Computer-Assisted Spine Surgery—A New Era of Innovation


The idea of surgical intelligence is finally coming to fruition. The use of both computer and robotic assistance, and increasing use of the two together, has already demonstrated the promise of surgical intelligence to transform spine surgery. Offering potential improvements in surgical accuracy, reductions in postoperative complications, and decreased revision surgeries, computer assistance provides the novel ability to base decision-making support on hundreds of thousands of prior cases. Poor measures of predictive power have been found for the surgeon’s ability to predict risk and benefit of surgery. The use of patient demographic and operative characteristics when creating complex analytical models allowed for the development of frailty scores that can better predict risks and benefits for a patient. Coupling such decision-making support for surgical uses, such as rod bending angles, with the precise ability of robotics to carry out the task, continues to improve patient outcomes. To date, the use of robotics in surgery has resulted in improved screw placements and improved navigation and reduced radiation dose, length of stay, and need for revision surgeries. However, as with many novel applications of technology, an array of challenges exists. These include reliance on single-centered retrospective data and limited data sharing, limited data for rare diseases and uncommon procedures, straight line trajectories of robotic movements, high costs of computer and robotic assistance (infeasible for small centers), high learning curves, a limited set of procedures for the use of such technologies (currently mainly used for screw placements), and legal issues regarding who is at fault in case of adverse events.
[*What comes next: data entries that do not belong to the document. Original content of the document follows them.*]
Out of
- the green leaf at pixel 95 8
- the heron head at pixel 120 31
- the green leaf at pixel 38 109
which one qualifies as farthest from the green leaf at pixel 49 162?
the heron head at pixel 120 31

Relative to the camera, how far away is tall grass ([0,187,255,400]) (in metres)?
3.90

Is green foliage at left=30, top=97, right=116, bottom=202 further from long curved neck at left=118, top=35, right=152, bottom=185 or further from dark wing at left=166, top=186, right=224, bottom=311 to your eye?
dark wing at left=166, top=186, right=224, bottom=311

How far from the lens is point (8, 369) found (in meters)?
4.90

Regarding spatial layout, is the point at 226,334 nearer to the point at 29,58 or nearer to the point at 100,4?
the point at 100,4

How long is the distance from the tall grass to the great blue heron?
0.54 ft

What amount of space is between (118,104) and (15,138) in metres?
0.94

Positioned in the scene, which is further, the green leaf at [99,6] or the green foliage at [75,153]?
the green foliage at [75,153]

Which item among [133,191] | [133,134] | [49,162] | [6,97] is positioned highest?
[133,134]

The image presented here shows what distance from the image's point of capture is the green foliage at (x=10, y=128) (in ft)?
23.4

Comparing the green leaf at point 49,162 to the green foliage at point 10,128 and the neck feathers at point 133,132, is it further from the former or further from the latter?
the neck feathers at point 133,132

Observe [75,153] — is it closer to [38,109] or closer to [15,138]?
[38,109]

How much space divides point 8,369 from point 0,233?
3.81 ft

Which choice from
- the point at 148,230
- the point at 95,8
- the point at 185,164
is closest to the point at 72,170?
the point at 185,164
Recently, robotic uses for spine surgery are expanding from screw placements to include tissue-focused uses such as tumor resections, spurred by developments in haptic feedback systems, 3D printing, and mechanical advances. Further expansion of procedure types arose for microscopic-based surgeries with augmented reality support, visualizing tool orientation with respect to the anatomy of interest with no disruptions to the surgical view. Similar technological improvements, catalyzed by 5 G, gave rise to huge advances in telesurgical robotics, with the successful demonstration of the first 12 cases in 2020. With these advances, four dominant uses for computers and robotics in spine surgery have become apparent: telesurgical robotic surgery, shared-control robots with computer navigation, augmented reality systems, and machine learning decision-making support.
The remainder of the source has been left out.